While interest rate changes directly affect variable mortgages, for fixed-mortgage rates, the key is actually what’s happening in the bond market.
That’s because lenders tie fixed rate mortgage rates to bond rates – so the connection to interest rate movements is a bit more complicated.
A bond and a mortgage are both loans made to the borrower.
In the case of a bond, the bond investor is making a loan to the company.
In the case of a mortgage, the bank is making a loan to the mortgage borrower.
The company that issues a bond and the person who takes out a mortgage both need money that they don’t have to buy or do something.
They get that money from a lender under certain terms, that being the bank or bond investors.
In both cases, the goal of the lender is to make money on that loan, through interest rate payments.
The interest rate on a bond is its yield, and on the type of mortgage we’re talking about, it’s the mortgage rate.
Bond yields are plotted on what’s known as the yield curve, which plots interest rates and maturities for bonds of equal credit quality. A normal yield curve should slope up, because bond yields should go up as time passes.
Bond yields represent the cost of borrowing in the broader financial market.
Lenders, such as banks, rely on the bond market to gauge the cost of long-term borrowing. When bond yields rise, it becomes more expensive for these institutions to borrow money themselves or to secure funding.
To maintain their profit margins and cover higher borrowing costs, lenders pass this increased cost onto consumers by raising fixed mortgage rates.
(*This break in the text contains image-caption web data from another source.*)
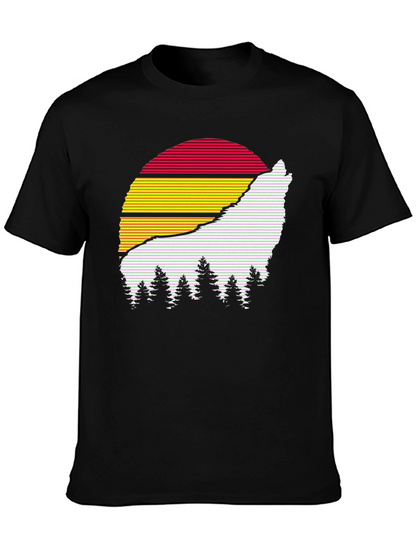 Retro Wolf Sunset Graphic Tee - Black Cotton Blend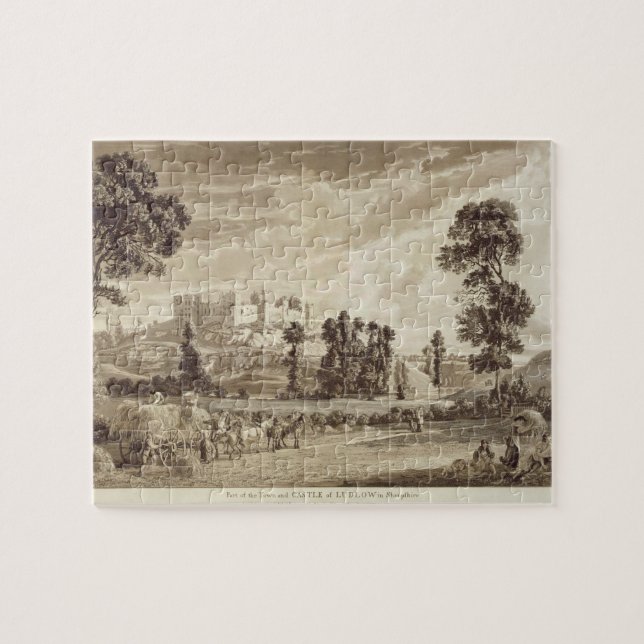 Quebra-cabeça Parte da cidade e do castelo de Ludlow em (Horizontal)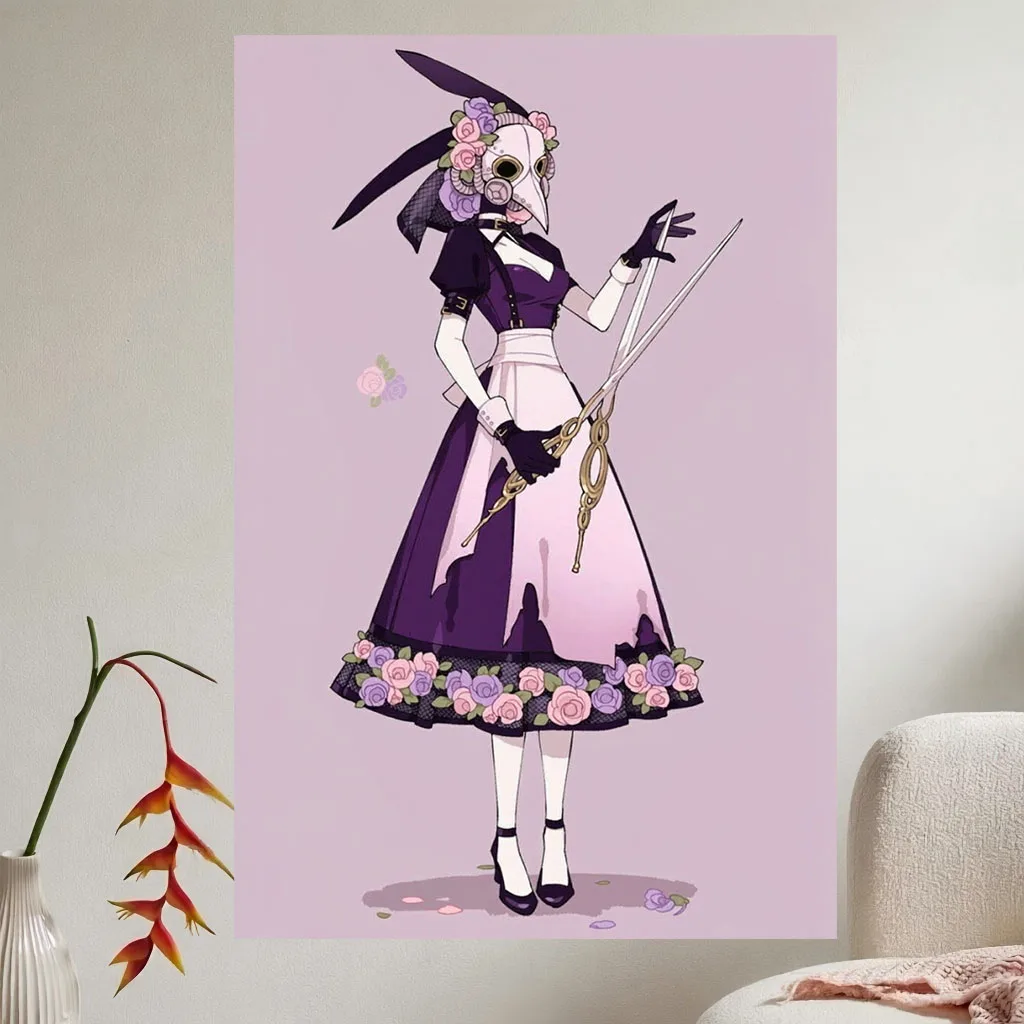 Gothic Plague Doctor Lolita Wall Tapestry Pastel Purple Floral Girl With Scissors Manga Art Print Wall Hanging Dorm Bedroom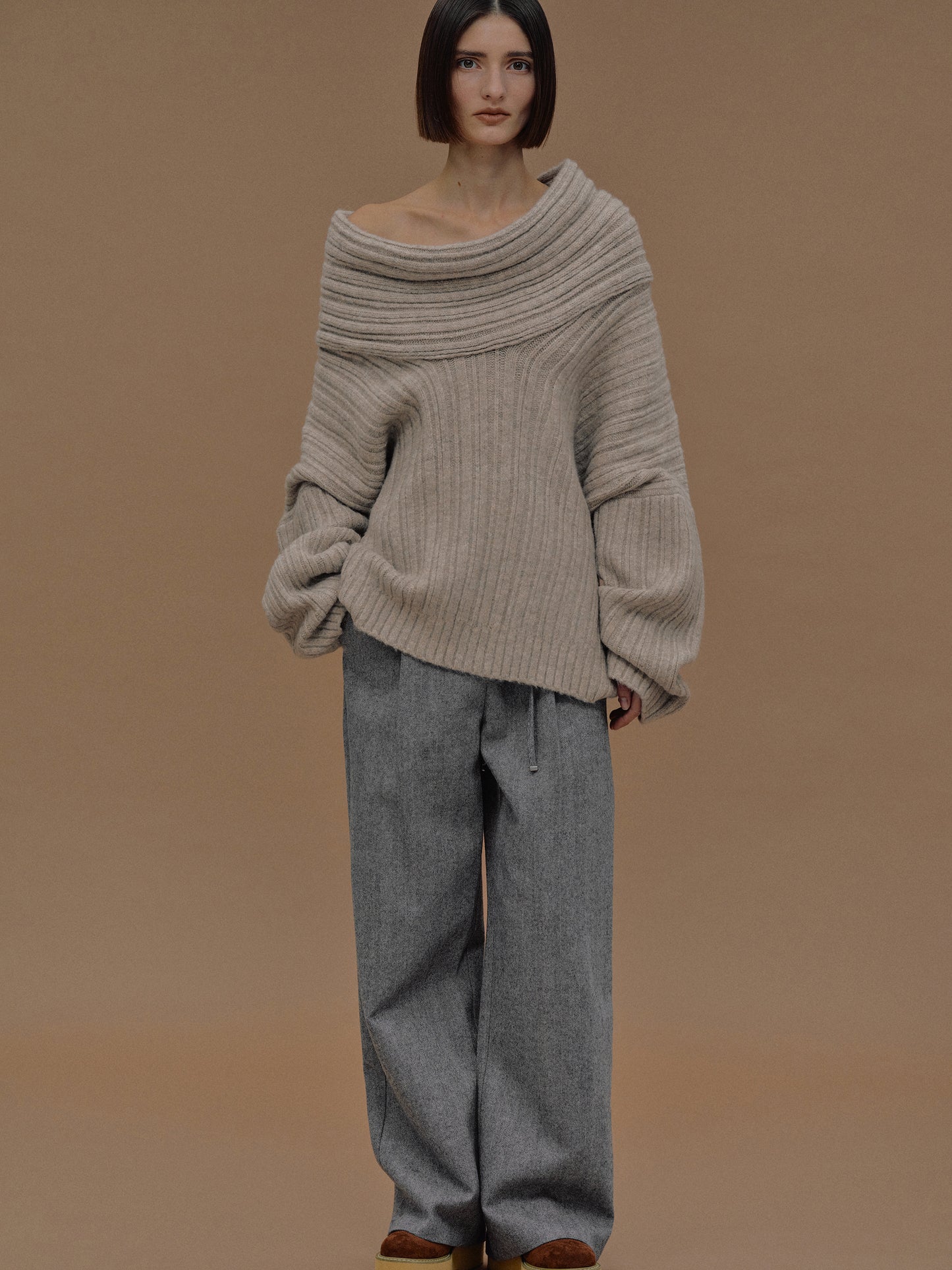 (Pre-order) Becca Oversized High Roll Knit Pullover, Coconut
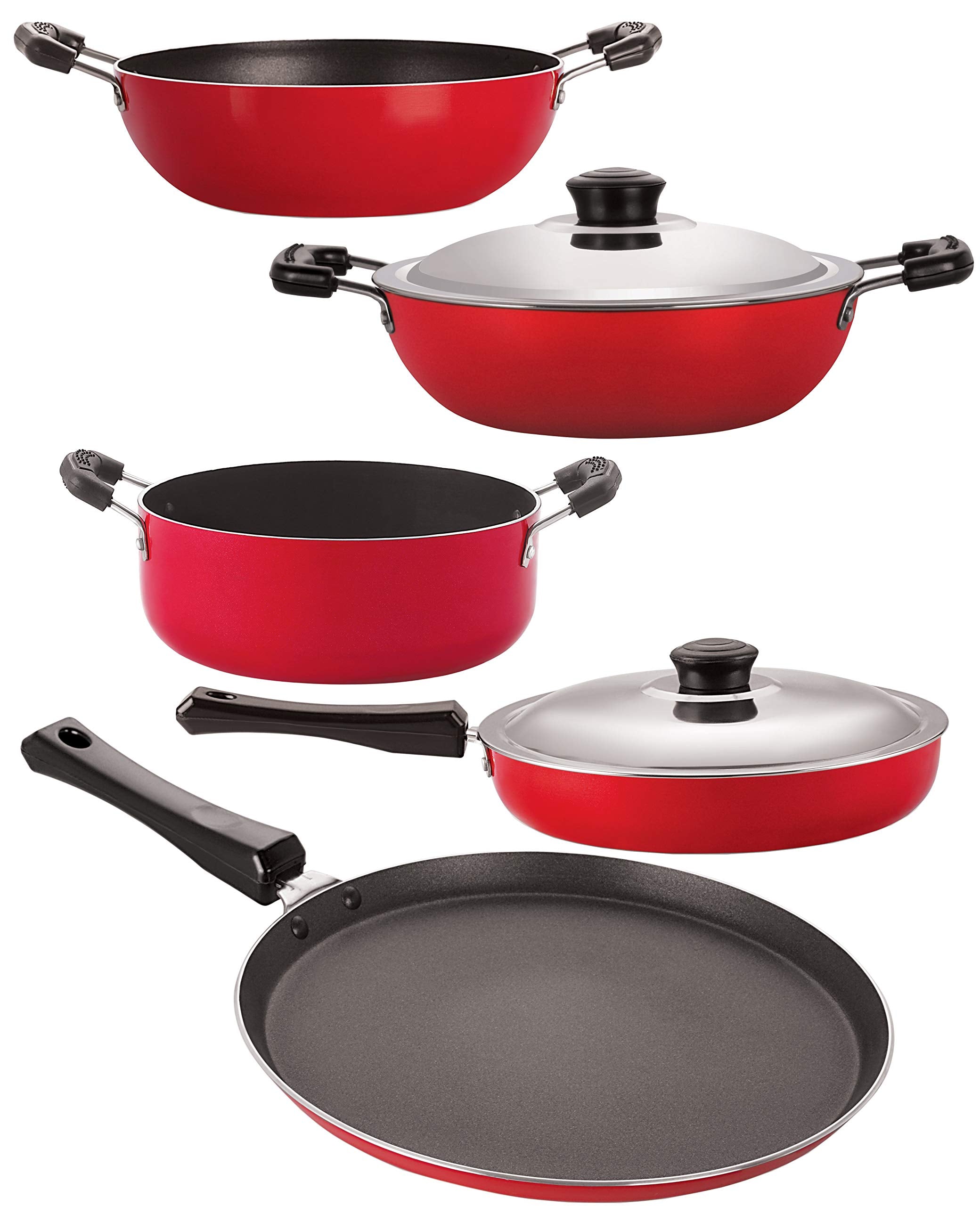 Nirlon NonStick Aluminium 5 Piece Heat Resistance Durable Cookware Essential Set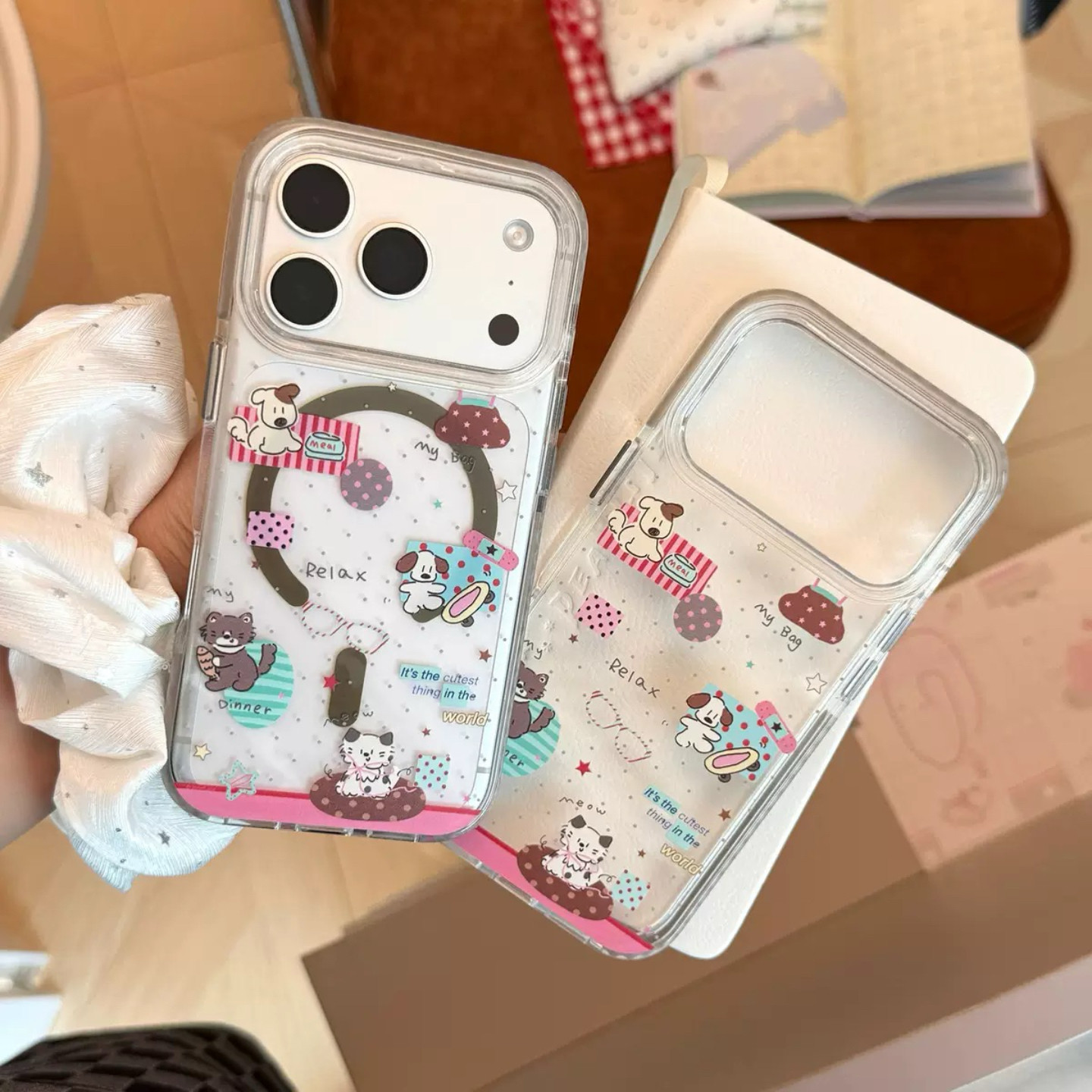 福星LuckyStars透明猫狗涂鸦适用苹果18pm手机壳iphone17粉色边框16软15磨砂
Bond prices have an inverse relationship to interest rates, so when rates go down, bond prices go up – and vice versa.
But bond yields and interest rates move in tandem.
And because banks and other lenders use bond yields to determine fixed-mortgage rates, low bond yields mean low interest rates on fixed mortgages.
When bond yields climb, fixed-mortgage rates tend to follow.
That’s why it’s not current interest rates that can tell you what will happen with fixed mortgage rates, but rather an understanding of what’s coming down the line for the bond market and the bond yields plotted on the yield curve.